Macet seperti biasa masih menghiasi jendela
kantor yang menyuguhi pemandangan jalanan Jakarta. Dua menit, lima menit,
setengah jam. Rasanya sama saja untuk beranjak sekarang atau harus menunggu
agak lama, otak sudah gusar. Dia minta pulang.
Mari kita jalan-jalan! Jalan pulang yang
semestinya hanya berjarak Seturan-Jalan Magelang berubah jadi
Jogja-Karanganyar. Dibumbui dengan berhenti lama-lama dan pengap dalam busway yang penuh sesak. Tak ada satu perjalanan pun yang tak
menyenangkan.
Aku melangkah ke kursi dekat supir, hanya
untuk melihat selama apa dia akan bersabar karena jalurnya selalu diserobot
orang. Sesekali ia melirik lewat spion tengah, hanya untuk memastikan banyak
nyawa yang menumpang. Banyak orang yang sedang ditunggu di rumah masing-masing
sedang ia bawa. Lalu si juru mudi menghela napas. Sabar telah menjadi pilihan
pertama sekaligus terakhir baginya. Setiap hari.
Di busway
aku kehilangan efek grafitasi, karena tiap aku doyong tubuhku akan
terdorong tegak lagi. Untuk memiringkan tubuh pun tak ada tempat tersisa.

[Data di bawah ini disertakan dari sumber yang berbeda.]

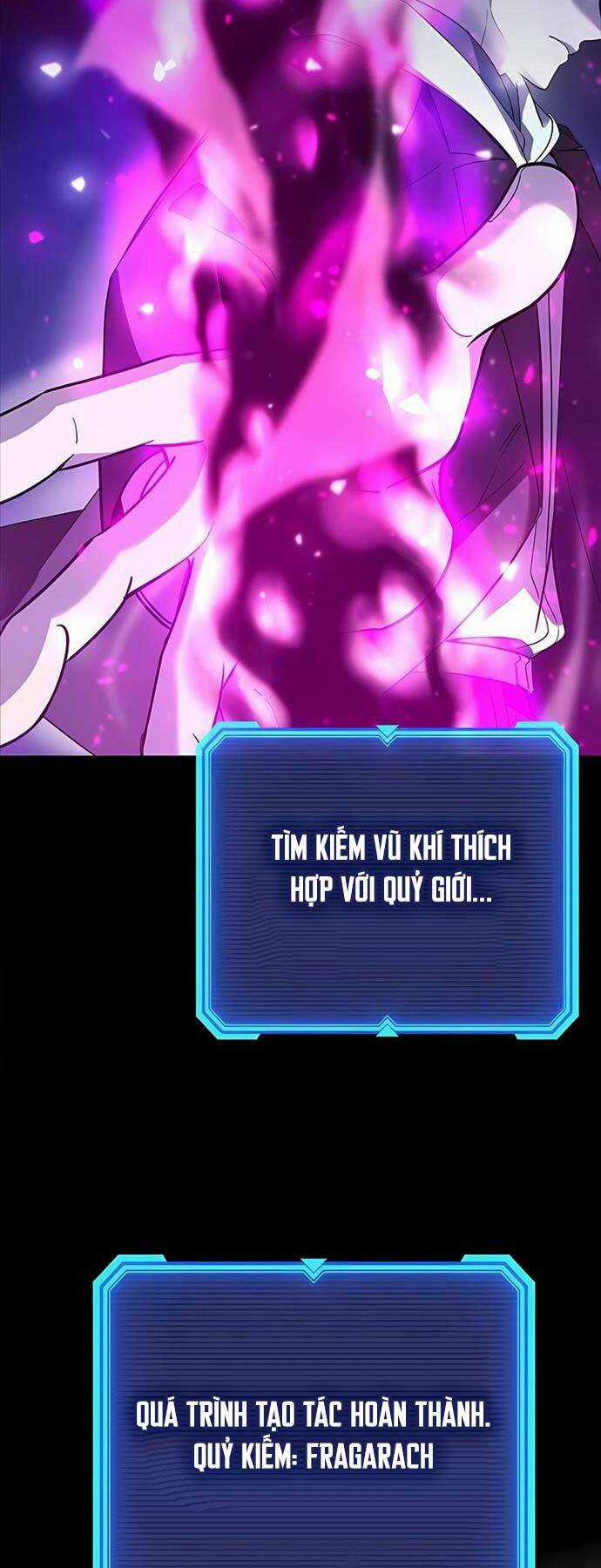 Thợ Tạo Tác Vũ Khí Chapter 27 trang 11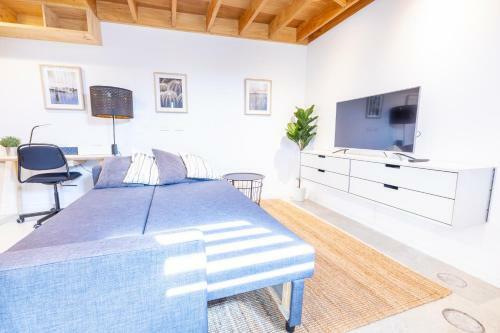 Apartamento The Studio At Waterloo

Kadang-kadang aku mengintip layar ponsel mbak-mbak
di sebelah, yang sedang berkirim pesan dengan orang yang ia namai
“suamiku”. Kali ini aku mau menghela napas agak lama.
Saat aku kelewat letih, saat merasa
mengapa mesti hidup dengan sebegini susahnya, selalu ada saja hal kecil yang
mengingatkan. Misalnya, wajah seorang bapak dengan pakaian kotor dan wajah
berkeringatnya. Ia jelas lebih lelah, setidaknya secara fisik. Dengan
tas ransel yang sobek di beberapa bagian dan sepatu kebesaran yang sepertinya
tidak nyaman dikenakan, kami turun di halte yang sama. Mataku tak lepas dari
setiap langkahnya.
Begitulah jalan-jalan sore yang terpaksa
harus kunikmati. Dan kebetulan, aku selalu menikmatinya.
Tergugah oleh semangat para pekerja ibukota dan perjalanan mereka.